▶ **DATA SEGMENT**
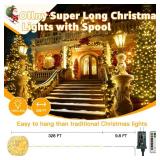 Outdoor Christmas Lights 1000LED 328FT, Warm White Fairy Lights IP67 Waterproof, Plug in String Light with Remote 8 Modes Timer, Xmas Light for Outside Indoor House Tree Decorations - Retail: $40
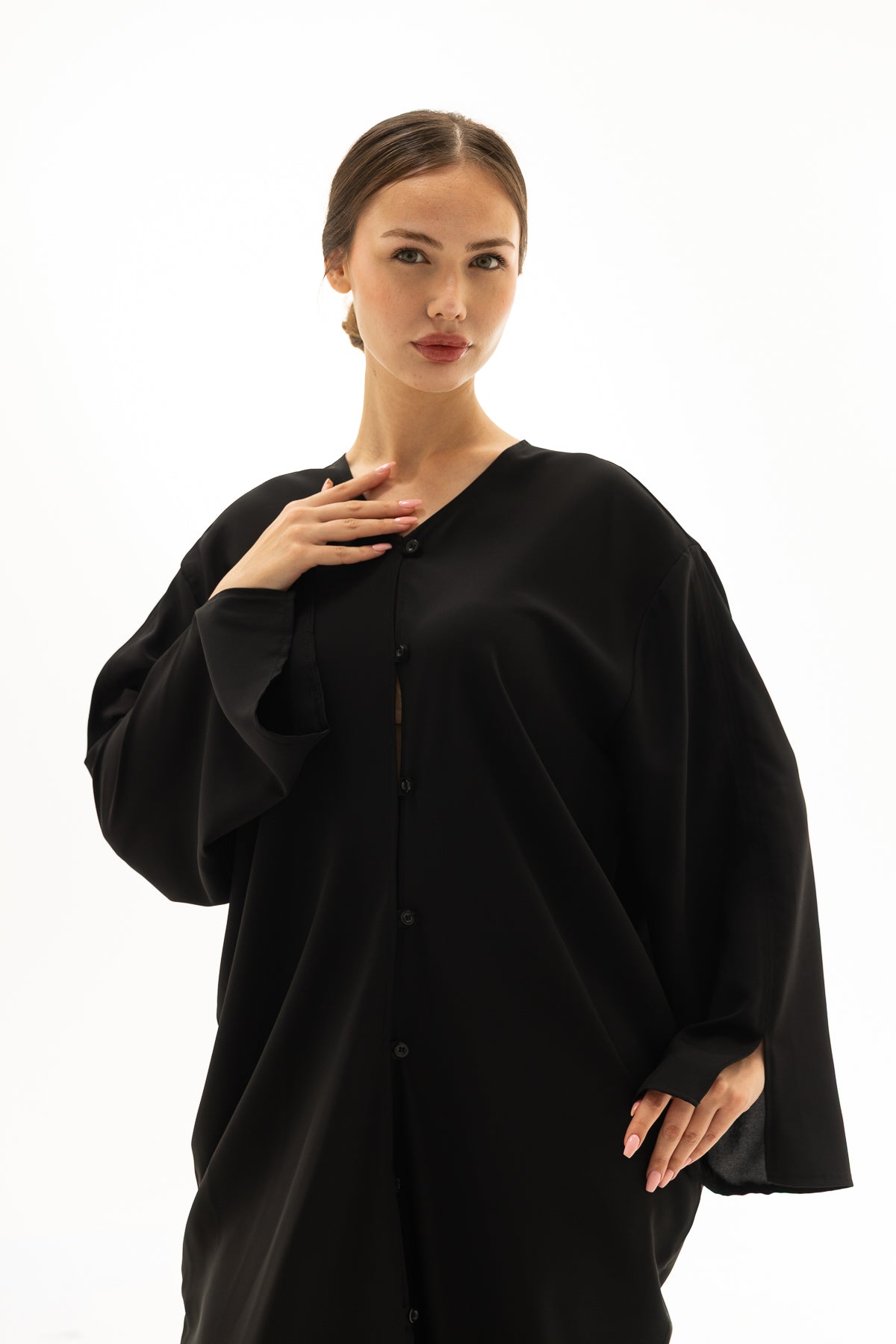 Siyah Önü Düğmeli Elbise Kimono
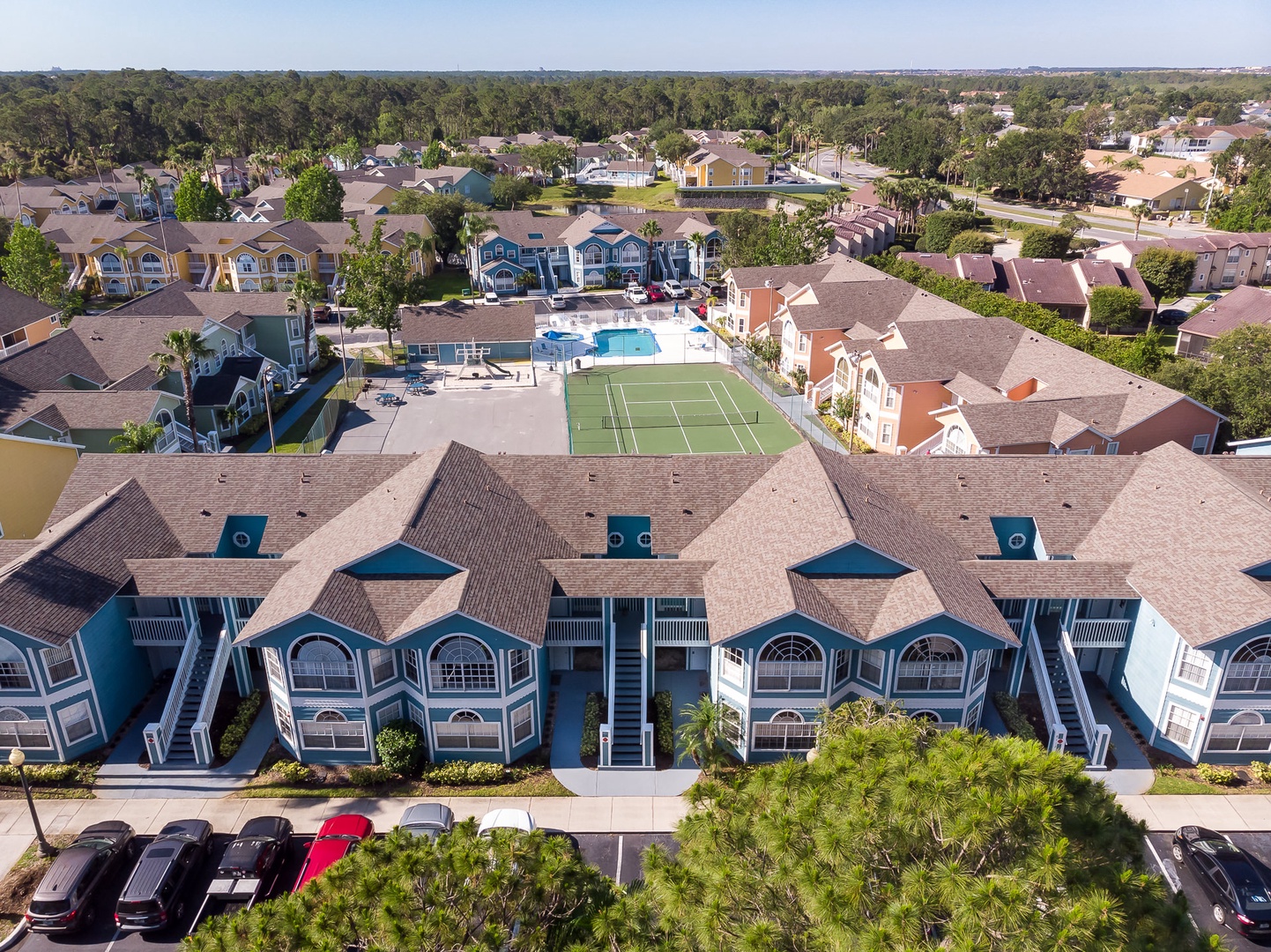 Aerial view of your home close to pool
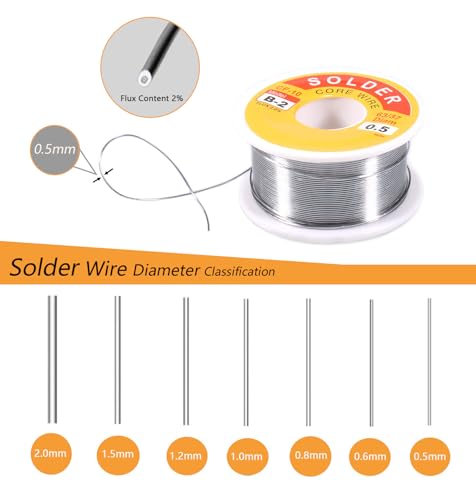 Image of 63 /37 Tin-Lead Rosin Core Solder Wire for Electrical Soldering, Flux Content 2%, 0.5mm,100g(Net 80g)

▶ **DESCRIPTION OF THE TASK**
Repeat the material verbatim. Do not carry over any picture.

▶ **ANSWER TO THIS PROBLEM**
 Outdoor Christmas Lights 1000LED 328FT, Warm White Fairy Lights IP67 Waterproof, Plug in String Light with Remote 8 Modes Timer, Xmas Light for Outside Indoor House Tree Decorations - Retail: $40
 Siyah Önü Düğmeli Elbise Kimono
 Aerial view of your home close to pool
 Image of 63 /37 Tin-Lead Rosin Core Solder Wire for Electrical Soldering, Flux Content 2%, 0.5mm,100g(Net 80g)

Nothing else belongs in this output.